Work task:
Pictures in the listing below are skipped, while the lines from the "Abat-Jours^CASA KREPI Abat-jour Noir" line through the "3 bedrooms Apartment" line are returned word for word.

Exercise material:
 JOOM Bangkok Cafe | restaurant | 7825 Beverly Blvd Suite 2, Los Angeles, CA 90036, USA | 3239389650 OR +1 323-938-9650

---

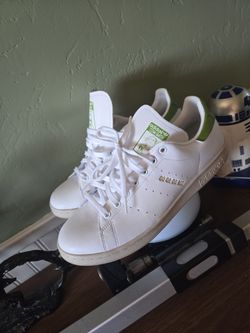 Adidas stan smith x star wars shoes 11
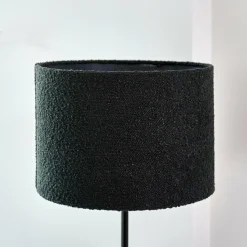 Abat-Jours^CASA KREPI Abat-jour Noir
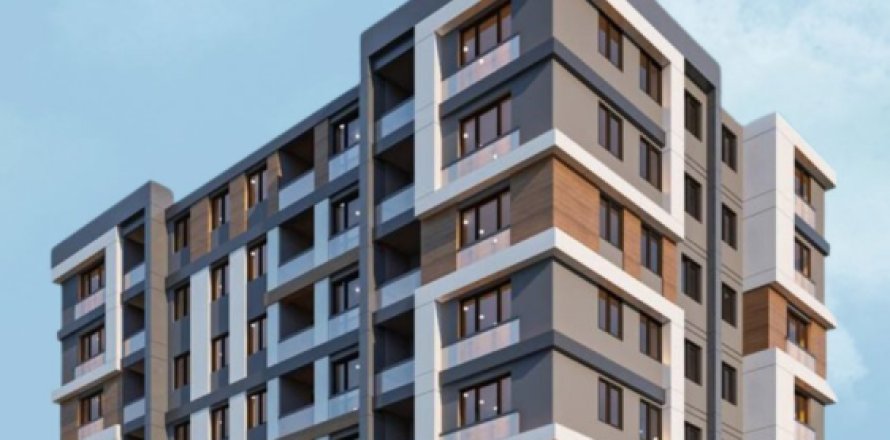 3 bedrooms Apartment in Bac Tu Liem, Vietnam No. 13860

---

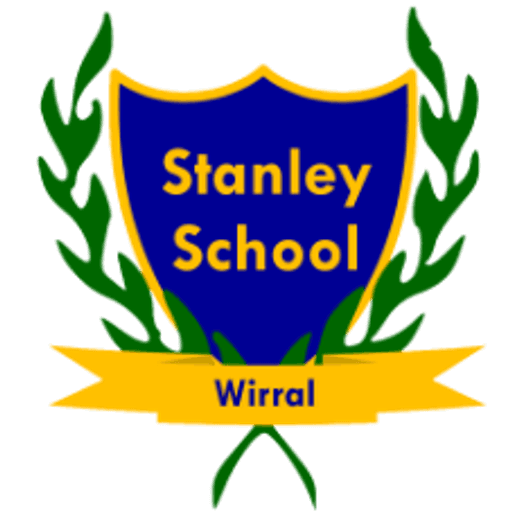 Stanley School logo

Expected answer:
 Abat-Jours^CASA KREPI Abat-jour Noir
 3 bedrooms Apartment in Bac Tu Liem, Vietnam No. 13860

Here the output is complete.